Thanks Kevin. Your observations seem to fall inline with my code understanding. I have been digging into this to understand performance impact, NetApp is having after migrating to IFLIB based drivers. Here are my observations so far (mainly with respect to Intel 10G/40G drivers):
- Rx and Tx queues are still tied together. Its only the processing has been separated into different taskqueues i.e, que->msix value is same for RxqN and TxqN & so on.
- IFLIB created IRQ only Rx side but behind the scenes even Tx side got it implicitly. Please note: que->msix value is same.
- If you are enabling the interrupt on Rx or Tx, we basically enabling on both queues (Rx & Tx) implicitly.
- With AIM enabled, we are altering ITR (Interrupt Rate) based on RXQ data alone. So, if I have heavy Rx data, then my ITR value would stay on low side and would receive more interrupts i.e, minimum gap between interrupts.
May be,
- We modify AIM to consider Tx data too.

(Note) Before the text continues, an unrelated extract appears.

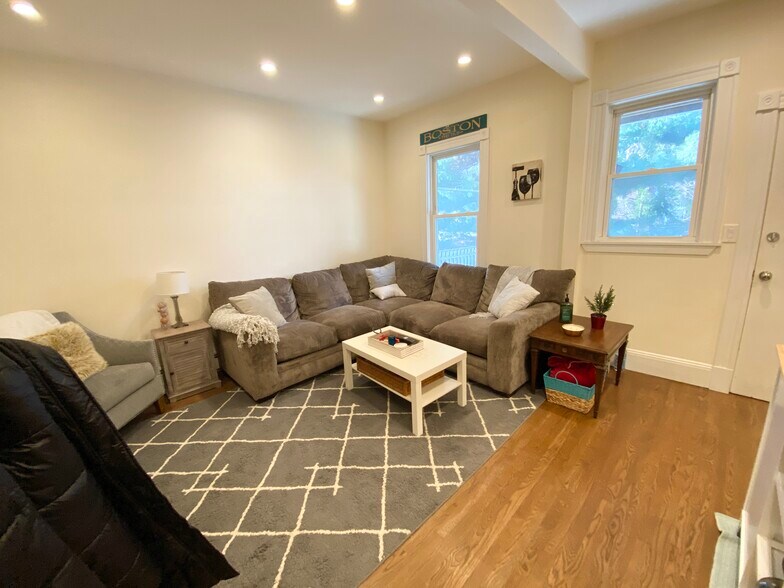 Building Photo - 115 Buttonwood St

And then take max(rx_data, tx_data). This way we can average out ITR based on both Rx and Tx data.
- In true spirit, if real intention of IFLIB is to split Rx and Tx queues, then we better have unique IRQs for Rx and Tx queues. So, one cannot influence the other. But this again would increase the need/demand for more IRQs on a given node.
And coming to your question, Kevin, yes I do see higher number of interrupts on both sender and receiver sides. And total number of _task_fn_tx() calls are almost same as IRQs.
Thanks,
Sai.
- In true spirit, if real intention of IFLIB is to split Rx and Tx queues, then we better have unique IRQs for Rx and Tx queues. So, one cannot influence the other. But this again would increase the need/demand for more IRQs on a given node.
It seems like it would be simplest to split tx/rx interrupts and see if the moderation rate on the rx irq was as expected. We recently bumped the max number of msx vectors in an amd64 system, so perhaps whatever decision lead to tying tx/rx together could be revisited.
You would also have to contend with the device MSI-X vector limit, however. I think it's just 64 per port for ixgbe (including the link/admin interrupt), so you'd be limited to 31/32 queues.
Reading what Sai wrote, I think the best approach from an Intel perspective is to account for Tx data in the AIM calculation; we shouldn't be splitting the Tx/Rx interrupts.
I'm just not convinced splitting Tx/Rx interrupts is an answer, due to how this hardware and more recent hardware is generally geared toward queues sharing interrupts. However, the reasoning for that sharing is probably different from what's being discussed here; these cards are supposed to support lots of VMs and not just a single PF that doesn't need to use all of the available queues.
@erj ok I agree with both of you about that change to the aim algorithm (See D30155). I just tested and by read it will be necessary but by testing it is not sufficient to fix the issue. We are still over-eager in iflib_fast_intr_rxtx with the change applied.
I checked with someone that knows the amd64 hardware well and you are right, we should try to fit into a single msi-x vector since the limits can be reached on the types of systems FreeBSD is used on.
So the goal at this point, from my perspective, is to figure out how to do iflib_fast_intr_rxtx without the gratuitous rearms. Then we can all do some testing with and without AIM and make a decision to finally merge this patch or leave it off.